Momentum for a new Maori political party continued yesterday, with more than 1000 people, who turned out for a hui in Ngaruawahia, supporting its formation.

The hui at Turangawaewae Marae - called by Tainui to get an update on the foreshore and seabed proposal and to discuss the new Maori party - overwhelmingly endorsed resolutions supporting the creation of the party and the appointment of interim leaders.

Support for party co-leader Tariana Turia was evident when the former Labour MP received a standing ovation following her speech.


Tainui co-chairman Tukoroirangi Morgan said representatives from every major iwi turned out for the event.

While the Tainui confederation of Hauraki, Waikato, Maniapoto and Raukawa would need to talk with its people before fully endorsing the party, the enthusiasm of those in attendance showed it had strong support, he said.

"The Maori party should not be born in one day. There is a gestation period. Maori require an enduring solution and you cannot build that overnight. Let's take time and begin to build and talk about those issues."

Overcoming Maori voter apathy, ensuring young people were enrolled and getting voters from the general roll onto the Maori roll were key issues for the party to overcome.

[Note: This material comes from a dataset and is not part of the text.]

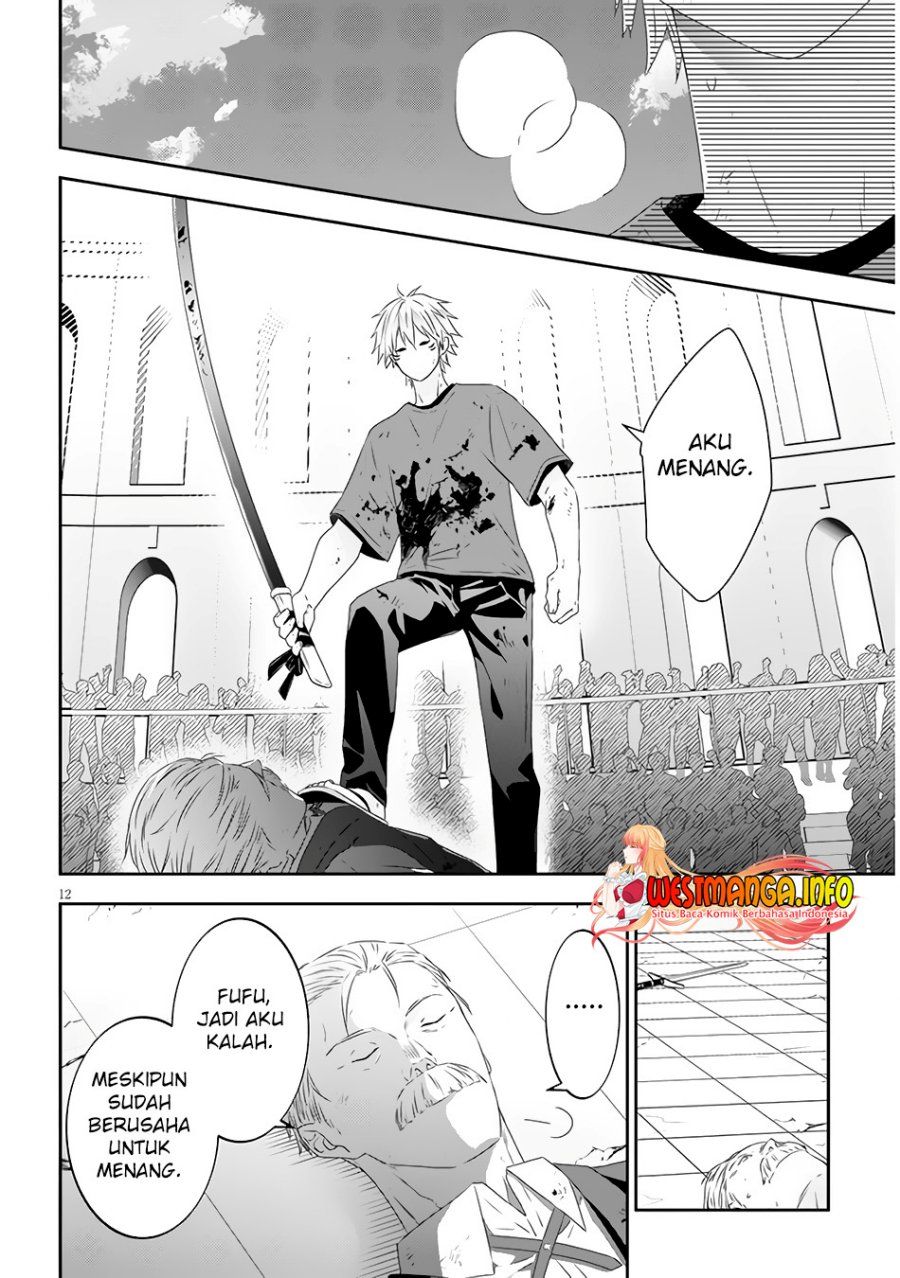 Maou ni Natta node, Dungeon Tsukutte Jingai Musume to Honobono suru Chapter 63.2 Gambar 4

Yesterday's hui marked the beginning of an intensive round of meetings for the party throughout the country that are planned to win tribal support before the July 10 Te Tai Hauauru byelection.

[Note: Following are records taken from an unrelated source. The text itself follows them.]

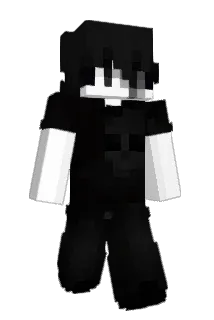Fabian8029 Minecraft avatar full body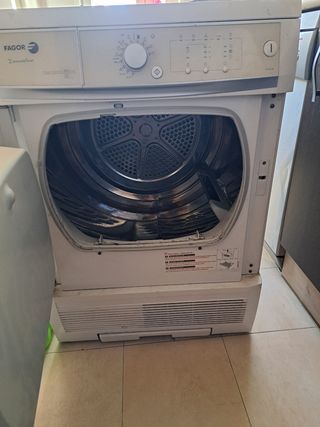 Secadora Fagor Innovation 8kg
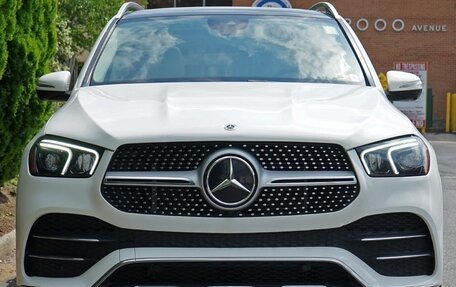 Mercedes-Benz GLE, 2021 год, 5 116 960 рублей, 4 фотография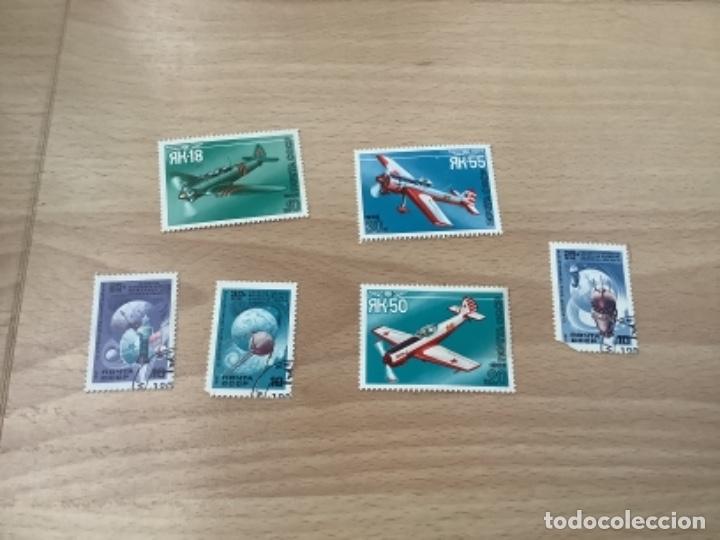 Sellos: H4. SELLOS RUSIA - Foto 1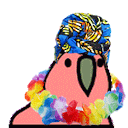 zoukparrot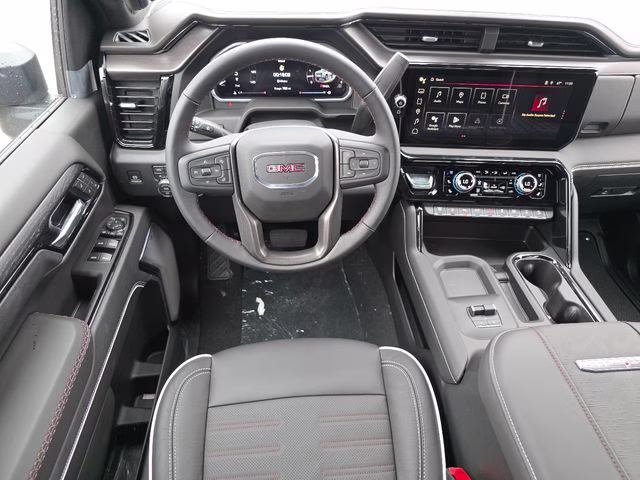 2026 Onyx Black GMC Sierra 2500HD AT4X 4X4 Truck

However, some Maori leaders urged caution.

Hauraki Maori Trust Board chairman Toko Renata said it was too early to give his view on the need and value of a Maori party.

While he was overwhelmingly opposed to the Government's foreshore and seabed proposal, he urged the budding party's leaders to "take your time, talk to the people".

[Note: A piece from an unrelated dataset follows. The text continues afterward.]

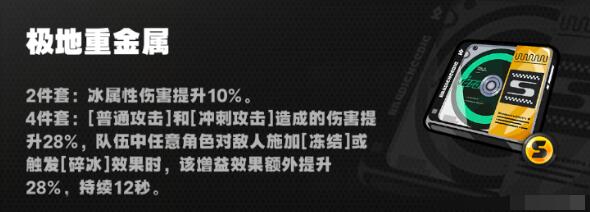 绝区零艾莲乔音擎武器用什么好 绝区零艾莲乔音擎武器使用建议图2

Maori party co-leader Dr Pita Sharples said concerns raised by some speakers at the meeting over its focus and the speed with which it was being put together were normal.

"You are always going to have some difference of opinion when there are so many people involved. I respect their opinions."

Dr Sharples said the party would be consensus-based and would welcome debate.

Alliance leader Matt McCarten, who was appointed Mrs Turia's byelection campaign manager at a weekend hui, explained his role and made suggestions for the party's future at yesterday's hui.

He said after the meeting that with his experience as national organiser for the NewLabour Party and as a driving force behind the formation of the Alliance party he had skills to help overcome some of the differences within Maoridom.

"I have experience in building the Alliance - and all its competing interests - and keeping that together, well past its use-by date.

"I don't necessarily know what to do, but I certainly know what not to do, which is just as important."

He said involvement with the new party would not affect his position within the Alliance. "The Alliance is still there, although electorally it doesn't have a mandate."

Mr McCarten said the party had voted to support the Maori party.

This is despite a February press release from Alliance party president Jill Ovens supporting the Government's foreshore and seabed policy.